Check that the datatype is tabular

Click on the galaxy-pencil pencil icon for the dataset to edit its attributes

In the central panel, click galaxy-chart-select-data Datatypes tab on the top

In the galaxy-chart-select-data Assign Datatype, select tabular from “New Type” dropdown

Tip: you can start typing the datatype into the field to filter the dropdown menu

Click the Save button

Add to each database a tag corresponding to the modality (#gex, #cna, #clin)
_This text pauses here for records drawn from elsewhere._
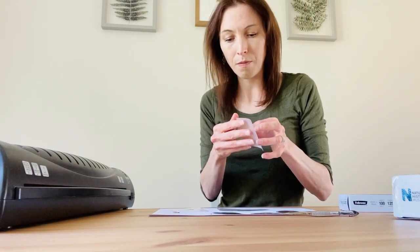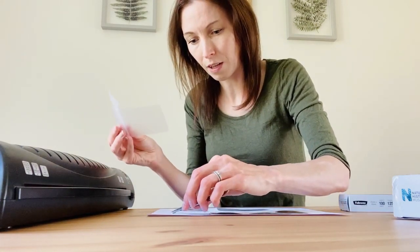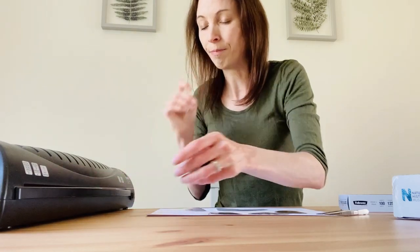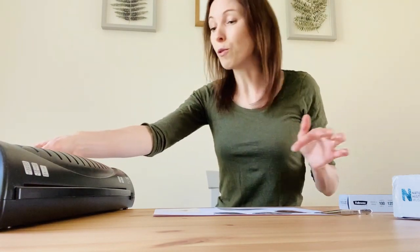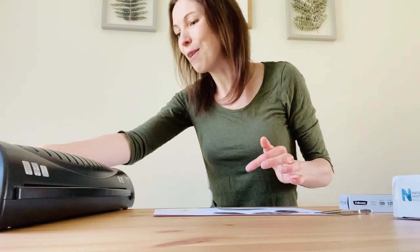I just bought these laminating pouches off Amazon so they weren't difficult to get hold of. I'm just going to pop the little wing in and feed it through the laminator. Here in the UK at the moment it's summer, which is a really good time to look for natural death insects — if you've got a conservatory, have a look around the windowsills. And if you have obliging friends who are happy to keep dead insects for you, that's great. There we go — another perfect one. We've got our hoverfly wing inside the laminate. I'm going to turn my laminator off.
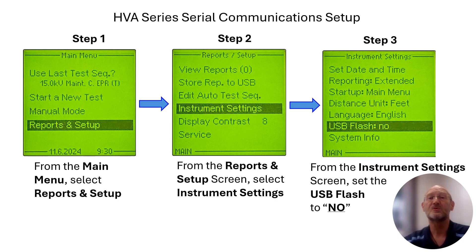Now we're going to scroll down to 'USB Flash' and select that. There are only two options: 'Yes' means you're going to use the little black box on the side of the unit to download to a thumb drive or USB drive; 'No' means you're not setting it up to communicate with a mass storage device, but instead setting it up to communicate with an external device such as a laptop computer. So we scroll down to USB Flash, select it, rotate the knob to 'No', and select it one more time. We should now be set up to interface the software with the actual unit.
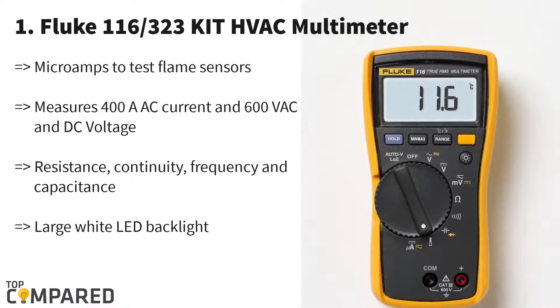Our best product is Fluke 116/323. From one of the top names in the HVAC industry, Fluke introduces this combo kit of a heavy multimeter and an HVAC clamp meter. From the company reputed for providing high quality tools with reliable operations and affordable prices, you will get this package to make your work easier and a lot quicker.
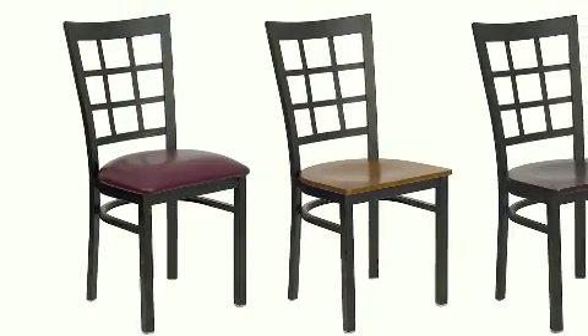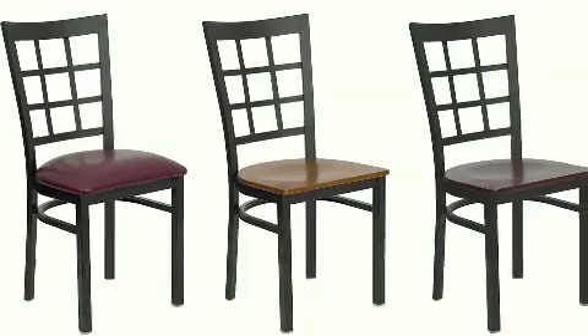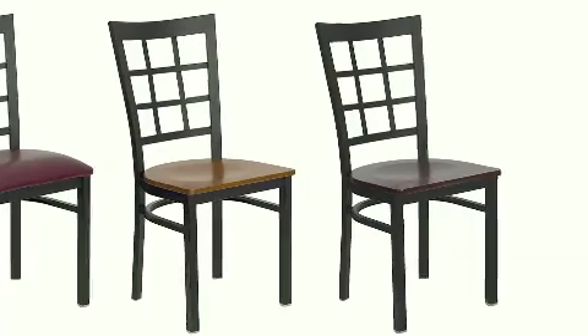The black powder coat frame finish adds a stylish touch to this durable chair. The easy to clean foam seat comes in our standard burgundy or black vinyls, or our standard mahogany, walnut, natural, or cherry solid wood seats. You also can choose from hundreds of different and exciting fabrics.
Datasets can be tagged. This simplifies the tracking of datasets across the Galaxy interface. Tags can contain any combination of letters or numbers but cannot contain spaces.

To tag a dataset:

Click on the dataset to expand it

Click on Add Tags galaxy-tags

Add tag text. Tags starting with # will be automatically propagated to the outputs of tools using this dataset (see below).

Press Enter

Check that the tag appears below the dataset name

Tags beginning with # are special!

They are called Name tags. The unique feature of these tags is that they propagate: if a dataset is labelled with a name tag, all derivatives (children) of this dataset will automatically inherit this tag (see below). The figure below explains why this is so useful. Consider the following analysis (numbers in parenthesis correspond to dataset numbers in the figure below):

a set of forward and reverse reads (datasets 1 and 2) is mapped against a reference using Bowtie2 generating dataset 3;

dataset 3 is used to calculate read coverage using BedTools Genome Coverage separately for + and - strands. This generates two datasets (4 and 5 for plus and minus, respectively);

datasets 4 and 5 are used as inputs to Macs2 broadCall datasets generating datasets 6 and 8;

datasets 6 and 8 are intersected with coordinates of genes (dataset 9) using BedTools Intersect generating datasets 10 and 11.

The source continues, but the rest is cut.